Print the records below word for word, beginning with the first line and ending once the line containing "2763 S PENROSE Drive" is printed.

# # # #

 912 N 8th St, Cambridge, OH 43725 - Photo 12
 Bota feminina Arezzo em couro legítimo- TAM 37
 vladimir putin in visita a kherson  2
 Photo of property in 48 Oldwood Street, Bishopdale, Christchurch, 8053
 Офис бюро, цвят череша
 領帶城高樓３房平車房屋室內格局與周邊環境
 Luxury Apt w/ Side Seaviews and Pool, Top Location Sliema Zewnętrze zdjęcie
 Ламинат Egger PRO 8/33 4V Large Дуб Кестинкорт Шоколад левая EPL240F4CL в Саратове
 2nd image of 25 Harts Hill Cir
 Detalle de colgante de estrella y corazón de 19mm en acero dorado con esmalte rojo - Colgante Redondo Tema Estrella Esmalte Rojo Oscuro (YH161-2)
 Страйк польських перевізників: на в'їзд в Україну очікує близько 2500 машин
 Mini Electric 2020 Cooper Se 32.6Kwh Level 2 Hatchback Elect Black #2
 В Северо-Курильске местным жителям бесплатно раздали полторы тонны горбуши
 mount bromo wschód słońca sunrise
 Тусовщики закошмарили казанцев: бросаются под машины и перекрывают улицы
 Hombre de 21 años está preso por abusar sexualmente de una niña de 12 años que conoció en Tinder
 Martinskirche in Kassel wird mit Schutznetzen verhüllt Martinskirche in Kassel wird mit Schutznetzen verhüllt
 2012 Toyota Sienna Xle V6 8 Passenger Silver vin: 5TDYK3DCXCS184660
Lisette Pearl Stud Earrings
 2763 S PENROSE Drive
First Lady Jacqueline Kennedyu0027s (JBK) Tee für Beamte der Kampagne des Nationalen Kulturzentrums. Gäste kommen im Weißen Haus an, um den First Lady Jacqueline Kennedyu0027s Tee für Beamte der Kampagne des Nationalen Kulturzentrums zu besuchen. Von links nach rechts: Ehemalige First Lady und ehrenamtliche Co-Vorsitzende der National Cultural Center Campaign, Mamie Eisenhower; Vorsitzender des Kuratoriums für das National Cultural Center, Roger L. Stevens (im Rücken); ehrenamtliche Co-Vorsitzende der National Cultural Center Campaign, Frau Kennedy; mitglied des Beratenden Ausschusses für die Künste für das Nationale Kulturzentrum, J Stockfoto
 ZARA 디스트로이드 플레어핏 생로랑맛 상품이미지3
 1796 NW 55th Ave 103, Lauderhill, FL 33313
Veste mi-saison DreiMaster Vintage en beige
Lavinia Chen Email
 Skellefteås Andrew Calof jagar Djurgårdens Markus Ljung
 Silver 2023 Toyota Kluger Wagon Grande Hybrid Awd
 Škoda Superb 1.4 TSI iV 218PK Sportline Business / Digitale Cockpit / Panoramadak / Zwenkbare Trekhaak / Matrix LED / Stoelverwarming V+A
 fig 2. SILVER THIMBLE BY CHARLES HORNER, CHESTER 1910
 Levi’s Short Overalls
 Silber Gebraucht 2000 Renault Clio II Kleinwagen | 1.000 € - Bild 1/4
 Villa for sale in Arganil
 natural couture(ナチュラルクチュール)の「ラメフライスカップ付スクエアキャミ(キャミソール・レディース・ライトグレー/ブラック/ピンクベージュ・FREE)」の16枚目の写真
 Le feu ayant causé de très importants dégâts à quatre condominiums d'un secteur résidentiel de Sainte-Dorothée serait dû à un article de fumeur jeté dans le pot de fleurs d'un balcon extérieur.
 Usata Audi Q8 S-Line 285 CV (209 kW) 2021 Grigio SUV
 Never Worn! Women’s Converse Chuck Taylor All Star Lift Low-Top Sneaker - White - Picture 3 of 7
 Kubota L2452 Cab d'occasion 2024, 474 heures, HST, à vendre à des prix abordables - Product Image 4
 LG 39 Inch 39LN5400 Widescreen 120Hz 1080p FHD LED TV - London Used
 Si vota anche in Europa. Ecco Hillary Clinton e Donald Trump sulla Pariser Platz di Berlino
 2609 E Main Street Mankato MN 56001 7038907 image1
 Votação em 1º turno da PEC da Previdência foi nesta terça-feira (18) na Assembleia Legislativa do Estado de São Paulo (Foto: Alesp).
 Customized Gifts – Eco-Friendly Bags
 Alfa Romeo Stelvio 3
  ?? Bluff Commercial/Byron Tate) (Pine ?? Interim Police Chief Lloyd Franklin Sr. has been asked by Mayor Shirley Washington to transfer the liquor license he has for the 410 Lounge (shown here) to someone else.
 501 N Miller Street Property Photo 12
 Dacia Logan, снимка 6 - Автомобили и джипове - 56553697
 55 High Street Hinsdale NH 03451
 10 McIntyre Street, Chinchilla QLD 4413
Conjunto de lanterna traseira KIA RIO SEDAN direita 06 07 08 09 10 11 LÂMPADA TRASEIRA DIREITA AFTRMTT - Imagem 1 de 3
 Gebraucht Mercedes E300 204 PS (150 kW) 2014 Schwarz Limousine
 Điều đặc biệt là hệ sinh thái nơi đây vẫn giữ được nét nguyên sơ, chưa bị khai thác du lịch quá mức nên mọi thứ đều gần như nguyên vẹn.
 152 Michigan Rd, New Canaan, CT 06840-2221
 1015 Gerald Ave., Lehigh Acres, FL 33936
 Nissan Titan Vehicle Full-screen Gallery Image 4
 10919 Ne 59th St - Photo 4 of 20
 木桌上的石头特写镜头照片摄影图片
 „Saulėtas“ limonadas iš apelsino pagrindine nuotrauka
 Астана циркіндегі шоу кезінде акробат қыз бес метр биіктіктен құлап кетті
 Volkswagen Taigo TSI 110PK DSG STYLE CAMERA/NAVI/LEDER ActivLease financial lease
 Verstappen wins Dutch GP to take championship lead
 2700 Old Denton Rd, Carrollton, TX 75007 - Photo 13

# # # #

WRITTEN SOLUTION
 912 N 8th St, Cambridge, OH 43725 - Photo 12
 Bota feminina Arezzo em couro legítimo- TAM 37
 vladimir putin in visita a kherson  2
 Photo of property in 48 Oldwood Street, Bishopdale, Christchurch, 8053
 Офис бюро, цвят череша
 領帶城高樓３房平車房屋室內格局與周邊環境
 Luxury Apt w/ Side Seaviews and Pool, Top Location Sliema Zewnętrze zdjęcie
 Ламинат Egger PRO 8/33 4V Large Дуб Кестинкорт Шоколад левая EPL240F4CL в Саратове
 2nd image of 25 Harts Hill Cir
 Detalle de colgante de estrella y corazón de 19mm en acero dorado con esmalte rojo - Colgante Redondo Tema Estrella Esmalte Rojo Oscuro (YH161-2)
 Страйк польських перевізників: на в'їзд в Україну очікує близько 2500 машин
 Mini Electric 2020 Cooper Se 32.6Kwh Level 2 Hatchback Elect Black #2
 В Северо-Курильске местным жителям бесплатно раздали полторы тонны горбуши
 mount bromo wschód słońca sunrise
 Тусовщики закошмарили казанцев: бросаются под машины и перекрывают улицы
 Hombre de 21 años está preso por abusar sexualmente de una niña de 12 años que conoció en Tinder
 Martinskirche in Kassel wird mit Schutznetzen verhüllt Martinskirche in Kassel wird mit Schutznetzen verhüllt
 2012 Toyota Sienna Xle V6 8 Passenger Silver vin: 5TDYK3DCXCS184660
Lisette Pearl Stud Earrings
 2763 S PENROSE Drive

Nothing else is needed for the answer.